When a certain period has passed since a TCP sender has
received network feedback on its half-connection, the
congestion window is supposed to be reset to the initial
window.
Until now, the t_rcvtime, which is updated for every
incoming segment, including pure ACKs and data, was
used as a proxy for when the last (data) transmission
was performed. This works fine for sessions doing
mostly bulk transfers in a single direction. However,
this approach fails for transactional IO, where the
server transmits large chunks of data repeatedly,
after the client requests data with a variable pause
in between requests.
In that case, the incoming request would effectively
reset t_rcvtime, and the sender would retain the last
value of its congestion window, however large that
may have been. Ultimately, this results in a large
burst of data to be transmitted blindly into the
network at wirespeed, without considering any potentially
changed network conditions.
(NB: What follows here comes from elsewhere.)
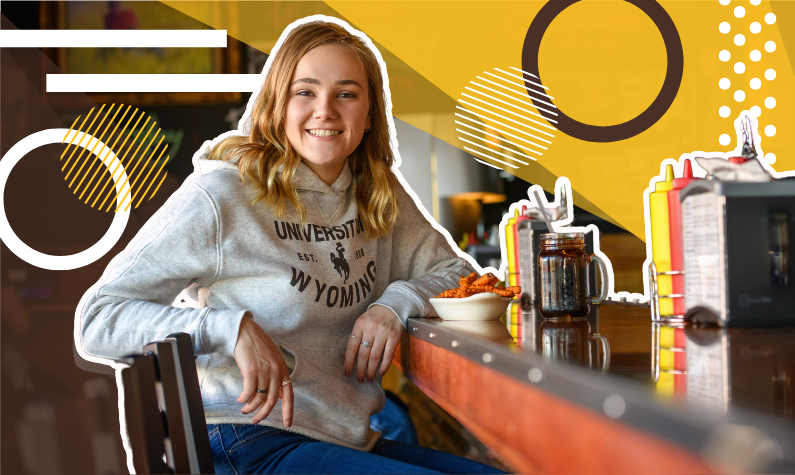 student in UW attire sitting at a counter for lunch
This can exacerbate any
induced packet losses significantly.
In this Diff, the existing rtt sampling mechanism is
used, to gather more appropriate timestamps of when
the last data segment was sent, and the check, if an
RTT sampling is currently runnig is moved from looking
at t_rtttime to t_rtseq.
Further, we also slightly adjust these variables, in
case they happen to be zero when a new sampling is
started.
There is a minuscle chance, that a dramatically delayed
RTT sample is collected, when a data segment happens
to end with an absolute sequence number of zero (as
that would not stop the RTT sample immediately), and at
that very moment, no further data is exchanged until a
much later time. However, this would always be a transient
effect, as sRTT and RTTvar will converge quickly to
appropriate values again, and the excessive timeout
value may not even be utilized at all either.
Reported-by: rrs